It may be surprising for Catholics to recognize shared elements of faith with Lutherans. Similarly, a “large part of what it means to be Lutheran is to have that Catholic identity,” says Jonathan Sanchez, a third-year master of divinity student at Yale Divinity school. Mr. Sanchez, who regularly attends Trinity Evangelical while at school, wants Lutherans to remember that they are grounded in the Catholic traditions that shaped Luther. “What the Lutherans maintained in the 16th century,” Mr. Sanchez argues, “is just as important as what they reformed.”

Similarly, a “large part of what it means to be Lutheran is to have that Catholic identity."

Though today’s Lutherans and Catholics may feel more unified, obstacles remain to sacramental unity between the churches. The 1999 Joint Declaration on the Doctrine of Justification allowed Lutherans and Catholics to express a common understanding of “justification by God’s grace through faith in Christ.” The central issues for which Lutherans and Catholics mutually condemned each other in the 16th century are no longer church-dividing. The issues of church and ministry—particularly the ordination of women, married clergy and apostolic succession—are today’s main challenges.

Looking forward to the anniversary, Trinity Lutheran parishioners are praying for full communion between Catholics and Lutherans.
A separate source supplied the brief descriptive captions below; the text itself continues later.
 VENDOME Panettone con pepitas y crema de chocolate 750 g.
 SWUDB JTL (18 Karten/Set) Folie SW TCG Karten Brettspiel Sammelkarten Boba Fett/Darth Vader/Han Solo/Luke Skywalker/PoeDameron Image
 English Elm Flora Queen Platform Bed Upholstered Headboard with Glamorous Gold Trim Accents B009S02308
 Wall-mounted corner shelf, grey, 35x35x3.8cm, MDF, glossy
They do not celebrate division in the Body of Christ. The Evangelical Lutheran Church in America (E.L.C.A.), the largest Lutheran denomination in the United States, believes in the true presence of Jesus Christ in Holy Communion. E.L.C.A. churches like Trinity Lutheran invite all baptized Christians to receive Communion at their churches on Sundays.
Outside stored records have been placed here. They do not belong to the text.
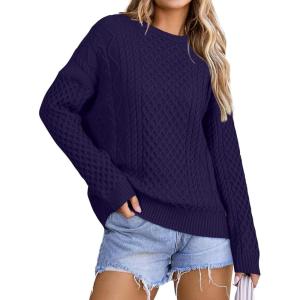 imageArachampampCloz Womens Wool Blend Cable Knit Fall Winter Chunky Oversized Sweaters 2025Navy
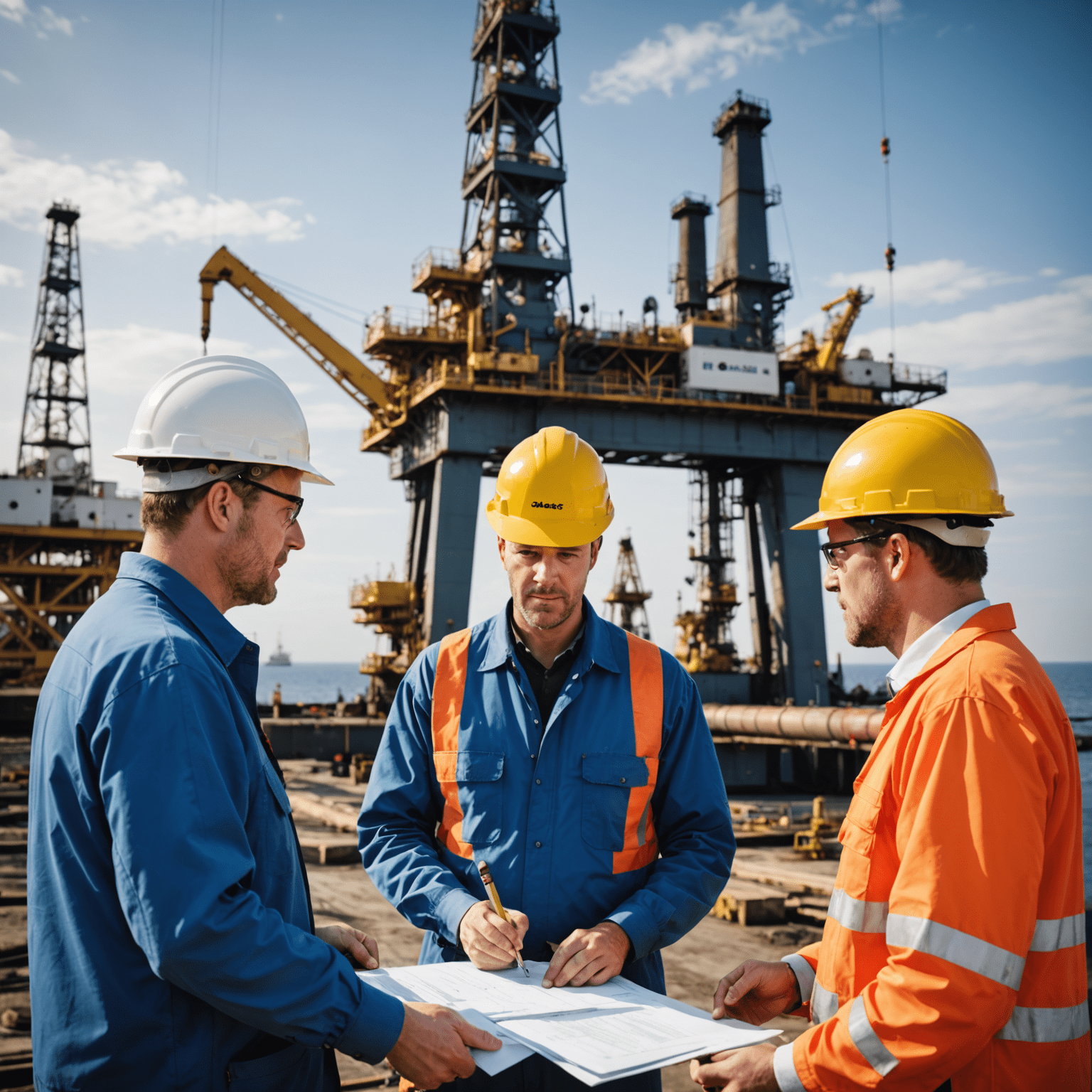 Image depicting contract negotiation in the oil and gas industry, showing professionals discussing documents with oil rigs in the background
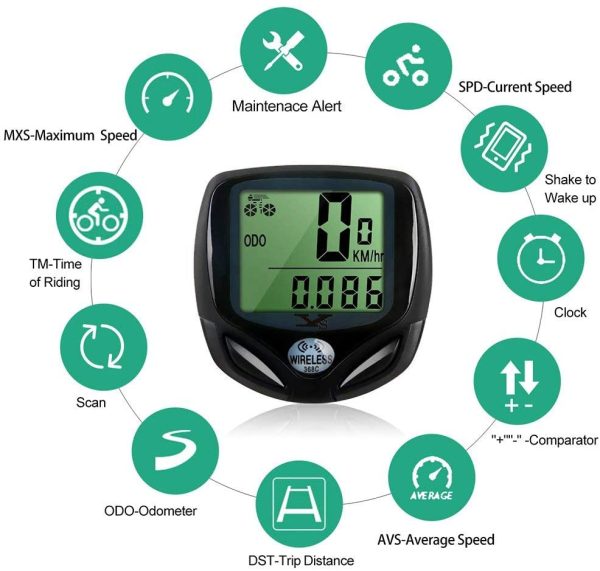 DINOKA Contachilometri Bici Senza Fili,YS Computer di Bicicletta,Impermeabile Bici Computer per Tachimetro Bici Wireless Ciclocomputer con Display Retroilluminato,la Distanza di Tracciamento,velocit?? - immagine 6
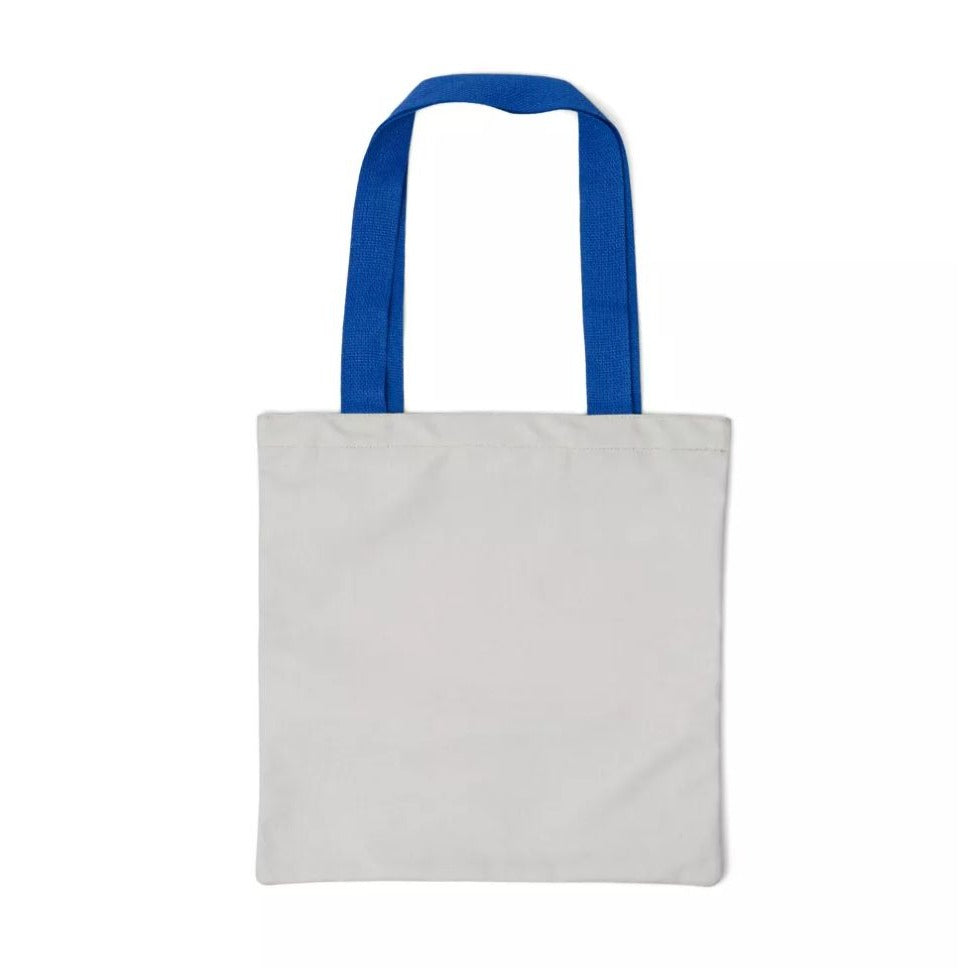 Canvas Tote Bag With "I Am Booked For The Summer" Print, Blue Handles Lightweight & Reusable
For Lutherans interested in ecumenical relations, not being welcome to share in Catholic sacraments can be painful. “It’s not fair,” one parishioner told America, “because any Christian can receive the sacraments here.”

Karen Johnson and Robert Quinlan know this pain intimately. Originally hometown friends, Ms. Johnson and Mr. Quinlan reconnected after their first spouses passed away. Today, Ms. Johnson, a parishioner at Trinity Lutheran, is preparing to marry Mr. Quinlan, a Roman Catholic. They developed a rhythm of attending Catholic Mass on Saturday evenings and service at Trinity Lutheran on Sundays.
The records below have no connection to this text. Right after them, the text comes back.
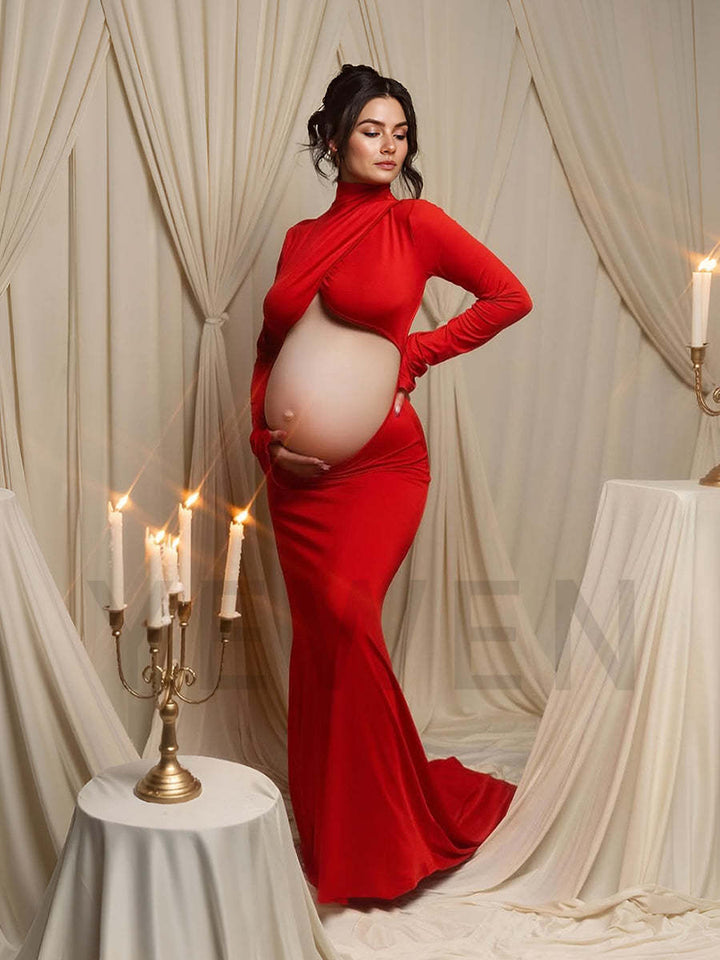 Long Sleeves Stretchy Fabric Red Maternity Dresses for Photoshoot Show Belly Baby Shower Dresses YW243168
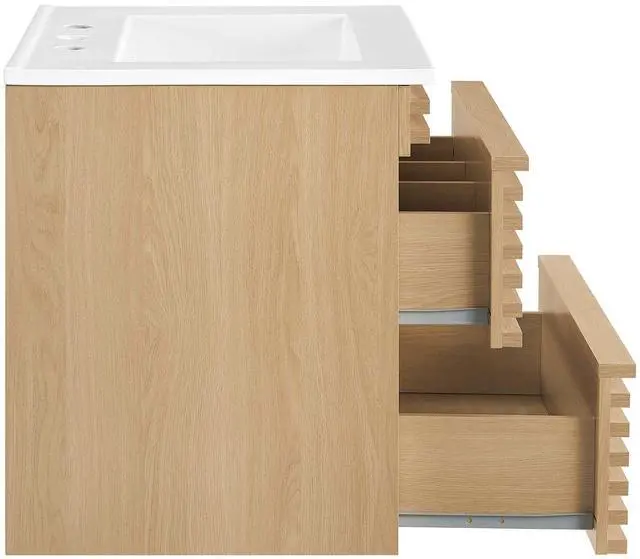 Alt view image 2 of 7 - Render 24" Wall-Mount Bathroom Vanity Oak White EEI-4433-OAK-WHI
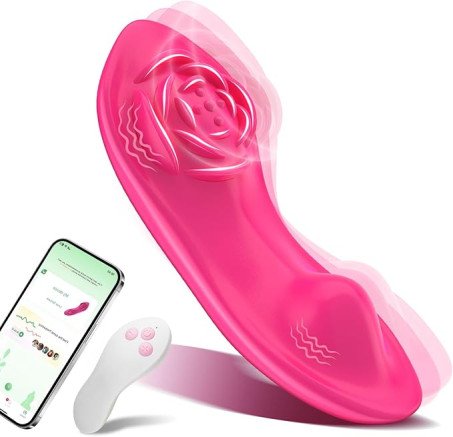Wearable Rose Clitoral Panty Vibrator App Control Remote Stimulator
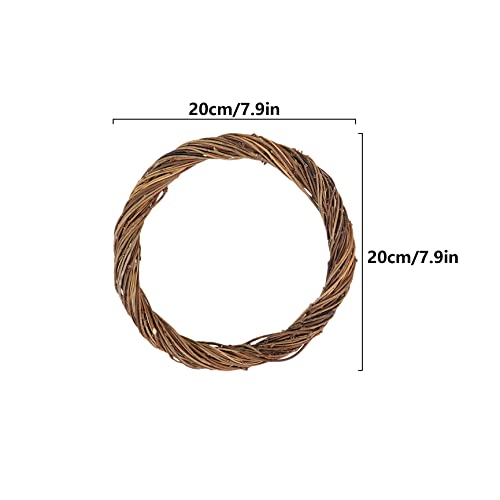 Qaziuy Christmas Wreath Natural Grapevine Wreath, Vine Branch Wreath Rattan Wreath for DIY Craft Wreath Front Door Wall Hanging Party Decor Wedding Supplies 20cm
As evident at Trinity Lutheran, there exist ways to celebrate Lutheran identity while also recognizing partnership and prayer with Catholic counterparts.

But Ms. Johnson knows the pain of Catholic-Lutheran tensions. When she was growing up, her Catholic cousins told her younger brothers that they were going to hell because they were not Catholic. Later in life, a priest publicly told her she was not welcome when she went up for Communion at her Catholic granddaughter’s Confirmation. Today, she is grateful for Pope Francis, whom she sees as moving away from the pain of the past.

As they prepare for marriage, Ms. Johnson and Mr. Quinlan join others who are excited about celebrating the dialogue between the churches. Mr. Quinlan did not start learning about Lutheranism until he reconnected with Ms. Johnson. He says it is important for Catholics to learn about Lutheranism in order to recognize what they hold in common and grow more deeply in their faith.

They both, along with others at Trinity Lutheran, demonstrate the importance of relationships in ecumenical dialogue. Through encountering the other as a friend and partner, long-held divisions are bridged.

The 500th anniversary can be an opportunity for what Mr. Sanchez and others call “Lutheran triumphalism.” But narratives that over-emphasize Lutheran developments over the existing Catholic tradition perpetuate real division in the church. As evident at Trinity Lutheran, there exist ways to celebrate Lutheran identity while also recognizing partnership and prayer with Catholic counterparts.

With Pope Francis and Catholic leaders making institutional efforts to promote unity among Christians, the work of ecumenism should also flourish at the ground level. Pastor Mills and his parishioners can offer Catholic parishes a model of friendship and prayer while both Catholics and Lutherans await full sacramental unity.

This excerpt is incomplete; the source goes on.